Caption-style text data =
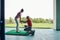 Woman standing on the golf hitting mat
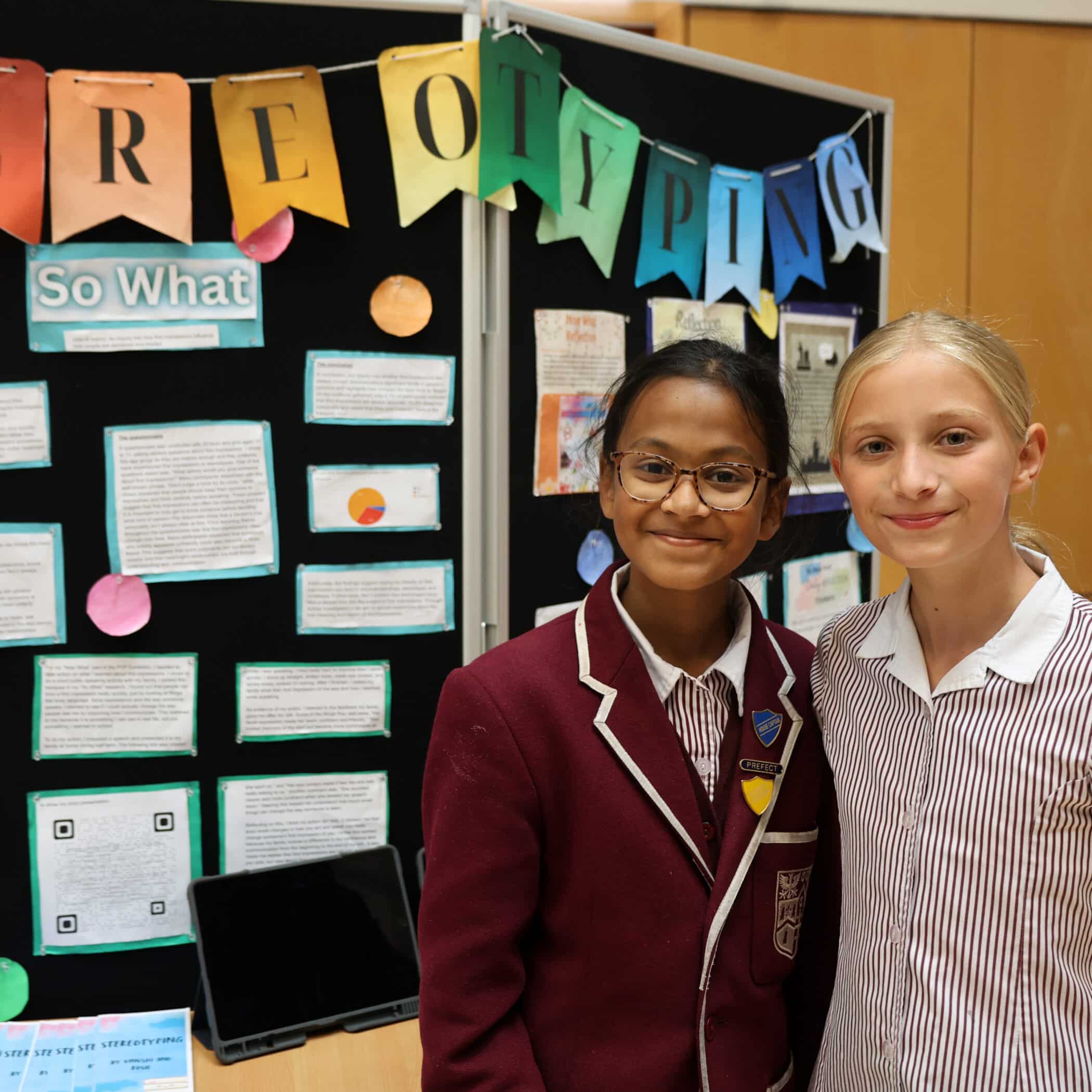 Two girls stand smiling in front of a school project display titled “Stereotyping.” One wears a striped shirt and the other a maroon blazer and glasses. The display includes colourful banners, text, and printed materials.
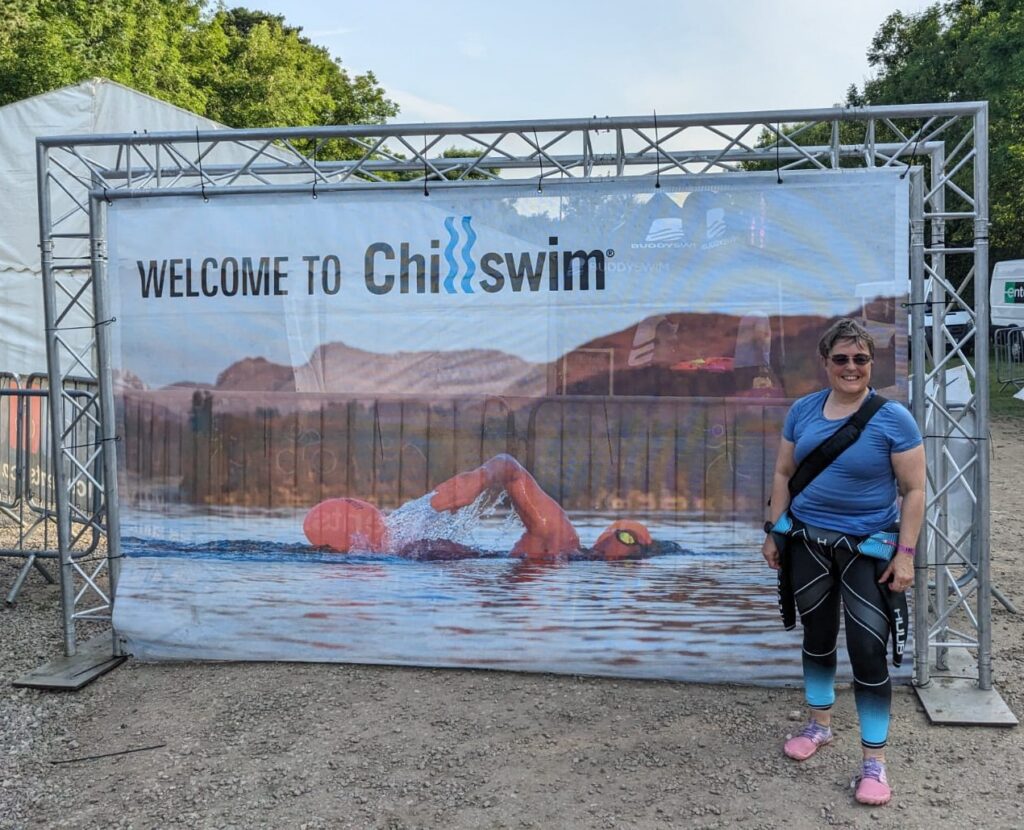 Christine next to the Chillswim poster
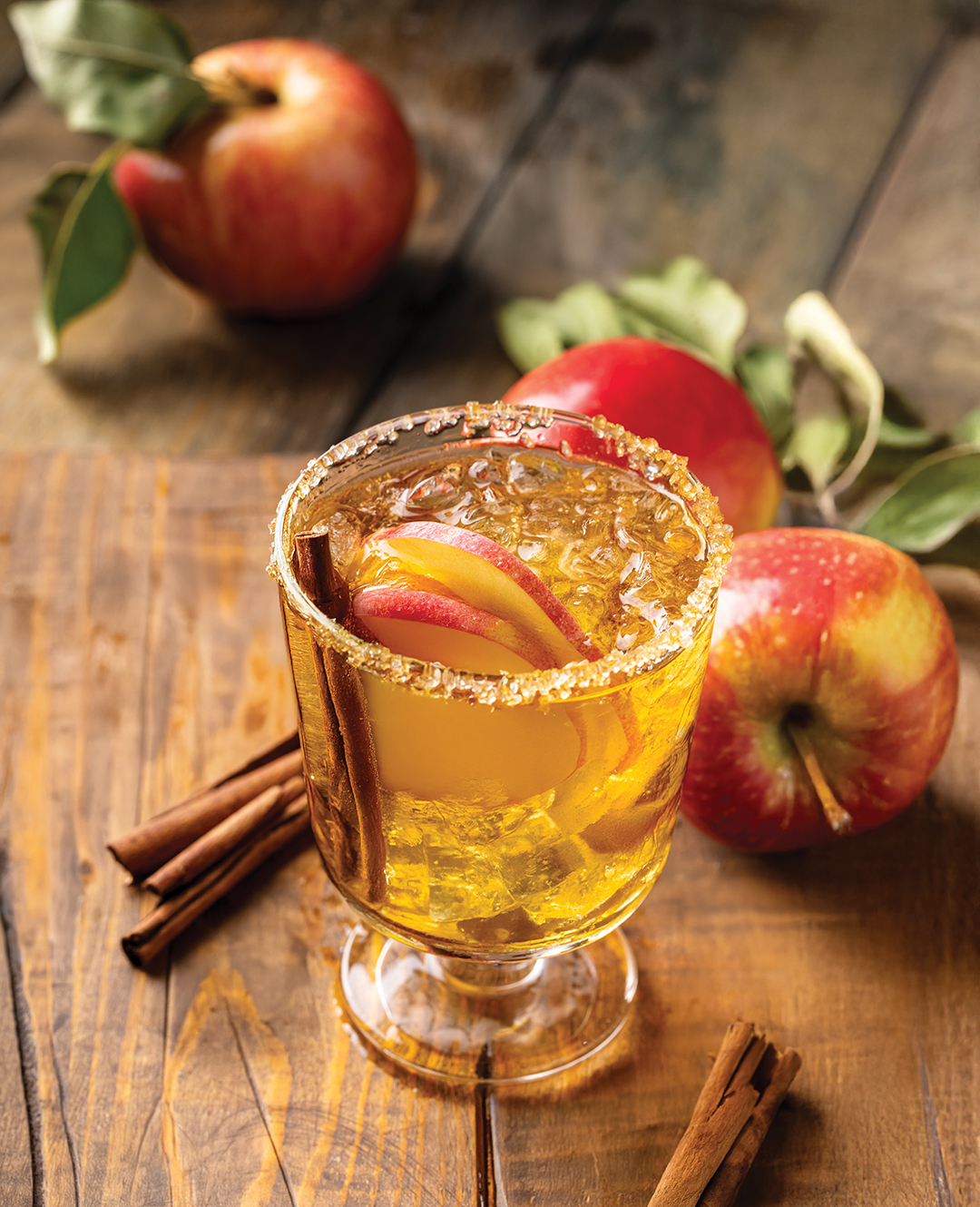 Festive fall cocktail or mocktail with hard cider, apple and orange with fall spices for Thanksgiving dinner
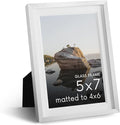 HAUS AND HUES 5x7 Picture Frame with Real Glass & White Premium-Grade Metal Matted to 4x6 - Aluminum 5x7 Photo Frame - Includes Easel Back, Hanging Kit - Ideal for Home, Office (5x7 in, White)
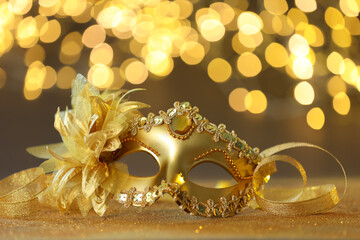 Beautiful carnival mask on golden shiny surface against blurred lights, closeup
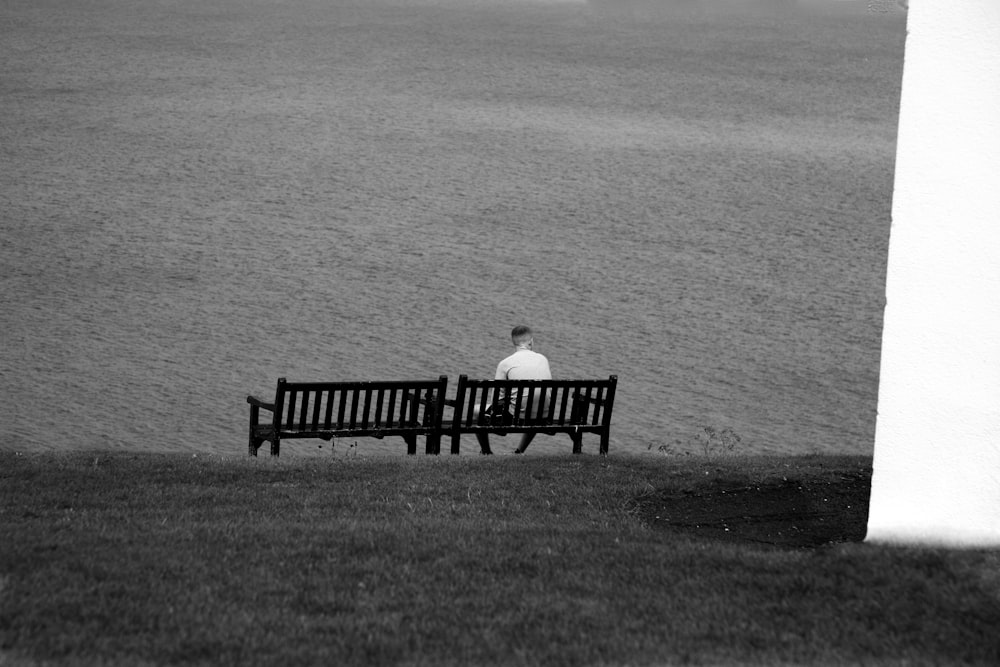 man sitting on bench facing the body of water during day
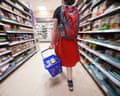 A shopper walks down a supermarket aisle carrying a basket with fruit and veg either side of her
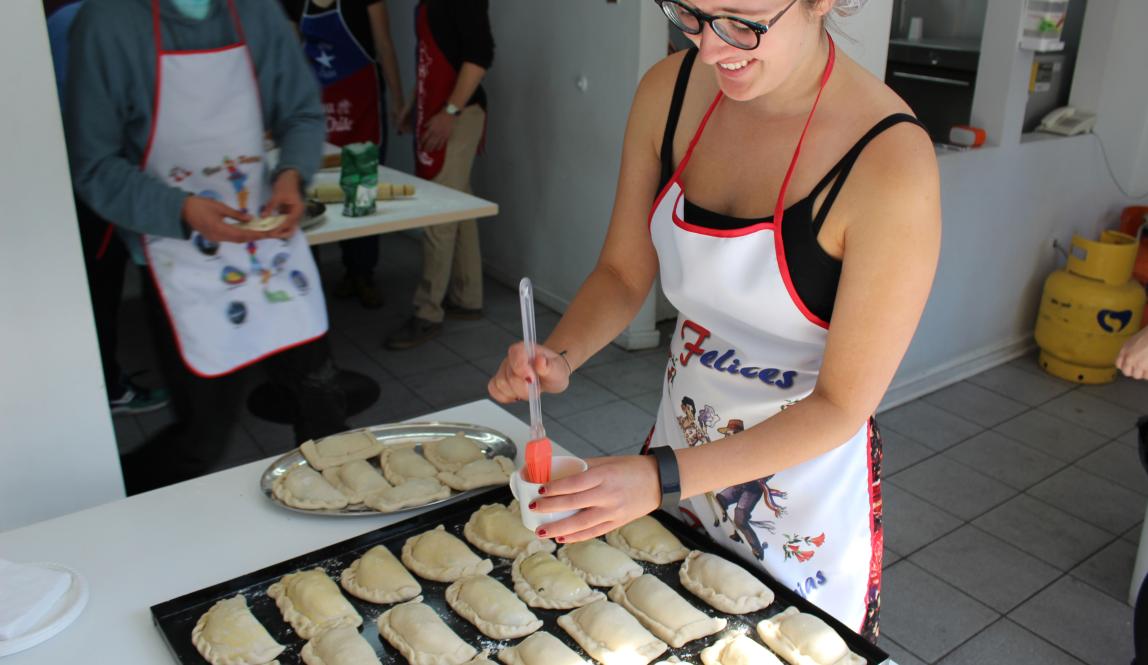 a student marinating empanadas in a cooking class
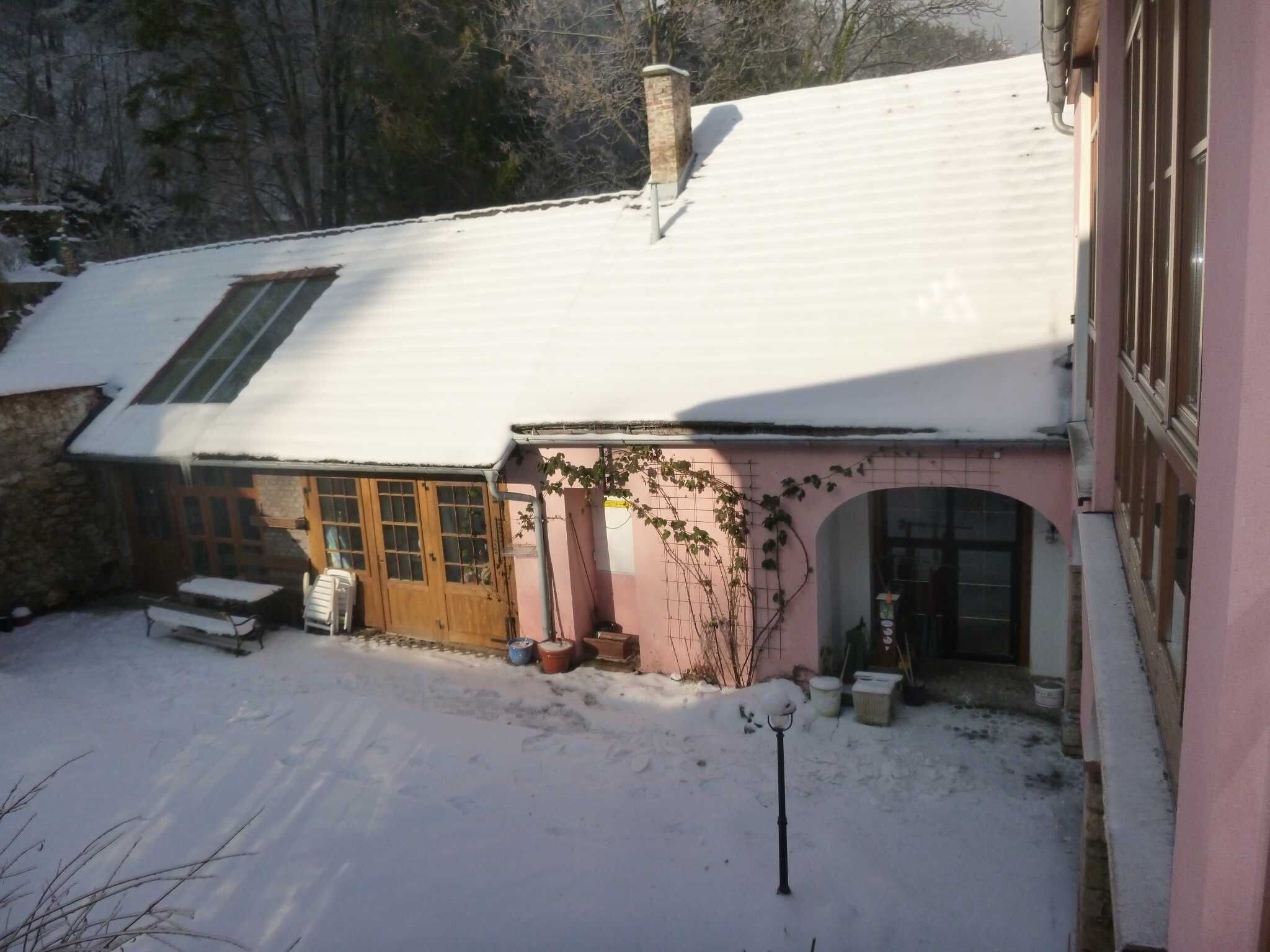 Et hus med sneklædt tag, en trædør og en lille veranda.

WORK REQUEST =
Repeat exactly the lines from the first line of the records above through the line containing "Beautiful carnival mask", leaving out the pictures.

ANSWER SPACE =
 Woman standing on the golf hitting mat
 Two girls stand smiling in front of a school project display titled “Stereotyping.” One wears a striped shirt and the other a maroon blazer and glasses. The display includes colourful banners, text, and printed materials.
 Christine next to the Chillswim poster
 Festive fall cocktail or mocktail with hard cider, apple and orange with fall spices for Thanksgiving dinner
 HAUS AND HUES 5x7 Picture Frame with Real Glass & White Premium-Grade Metal Matted to 4x6 - Aluminum 5x7 Photo Frame - Includes Easel Back, Hanging Kit - Ideal for Home, Office (5x7 in, White)
 Beautiful carnival mask on golden shiny surface against blurred lights, closeup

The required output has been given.